Jurassic World: Fallen Kingdom


Cela fait maintenant trois ans que les dinosaures se sont échappés de leurs enclos et ont détruit le parc à thème et complexe de luxe Jurassic World. Isla Nublar a été abandonnée par les humains alors que les dinosaures survivants sont livrés à eux-mêmes dans la jungle. Lorsque le volcan inactif de l'île commence à rugir, Owen et Claire s’organisent pour sauver les dinosaures restants de l’extinction.  Owen se fait un devoir de retrouver Blue, son principal raptor qui a disparu dans la nature, alors que Claire, qui a maintenant un véritable respect pour ces créatures, s’en fait une mission. Arrivant sur l'île instable alors que la lave commence à pleuvoir, leur expédition découvre une conspiration qui pourrait ramener toute notre planète à un ordre périlleux jamais vu depuis la préhistoire.






I. The park is gone

« Dieu crée les dinosaures. Dieu détruit les dinosaures. Dieu crée l'Homme. L'Homme détruit Dieu. L'Homme crée les dinosaures. Les dinosaures mangent l'Homme. » La citation de Ian Malcolm dans « Jurassic Park » est toujours d’actualité dans ce cinquième opus de la saga qui voit revenir Jeff Goldblum dans la peau du mathématicien spécialiste de la théorie du chaos. « Welcome to Jurassic World ». Après la perte de contrôle du parc relaté dans le quatrième volet, les dinosaures mènent une vie paisible sur Isla Nublar, au large des côtes costariciennes. « Life finds a way », comme le disait ce bon vieux Malcolm il y a vingt-cinq ans. Mais l’île abrite un volcan qui commence à gronder. Owen et Claire, héros du précédent épisode, s’organisent pour sauver les reptiles de l’extinction. Sauf que tout ne va pas se passer comme prévu.

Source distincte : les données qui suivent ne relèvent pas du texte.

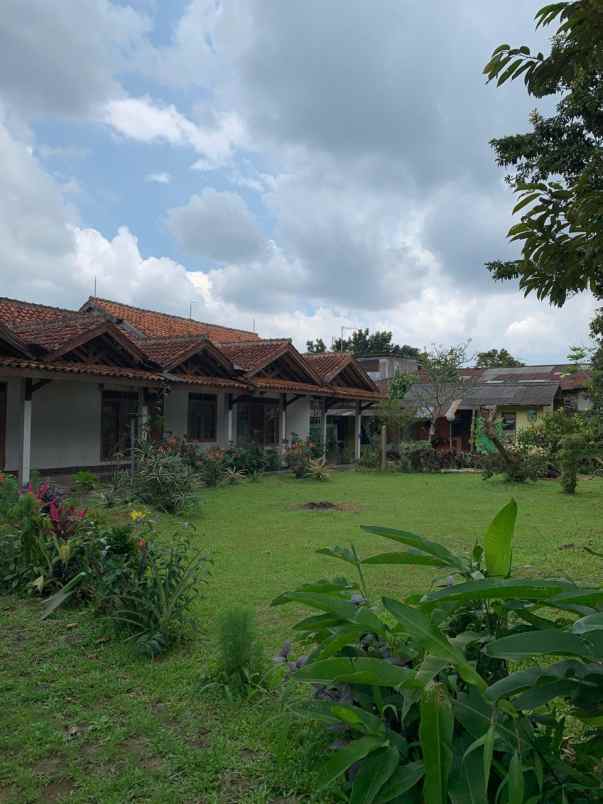 dijual rumah megamendung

II. Exit Trevorrow, welcome Bayona

Pour cette nouvelle livraison, Colin Trevorrow, toujours co-scénariste et producteur exécutif, passe la main à son confrère espagnol Juan Antonio Bayona, réalisateur chevronné à qui on doit notamment El Orfanato, Lo Imposible et A Monster Calls. Sa mission : mettre en scène un blockbuster censé rivaliser avec les autres superproductions du moment. Suivez mon regard: Avengers: Infinity War, Deadpool 2, Solo: A Star Wars Story. Et si possible, ne pas trop dénaturer une franchise souvent partie en freestyle. On se remémore ainsi avec douleur la scène des barres parallèles dans le 2, l’échange des œufs dans le 3, les raptors qui communiquent avec l’Indominus Rex dans le 4… Au sortir de la projection, on peut très vite rassurer les mangeurs de pop-corn : oui, le film remplit parfaitement le cahier des charges du blockbuster inoffensif avec son petit lot d’action, de frisson et d’émotion. Le tout est usiné dans une mécanique conventionnelle accessible à tous les décérébrés de la planète. Seulement, on n’échappe pas aux moments WTF…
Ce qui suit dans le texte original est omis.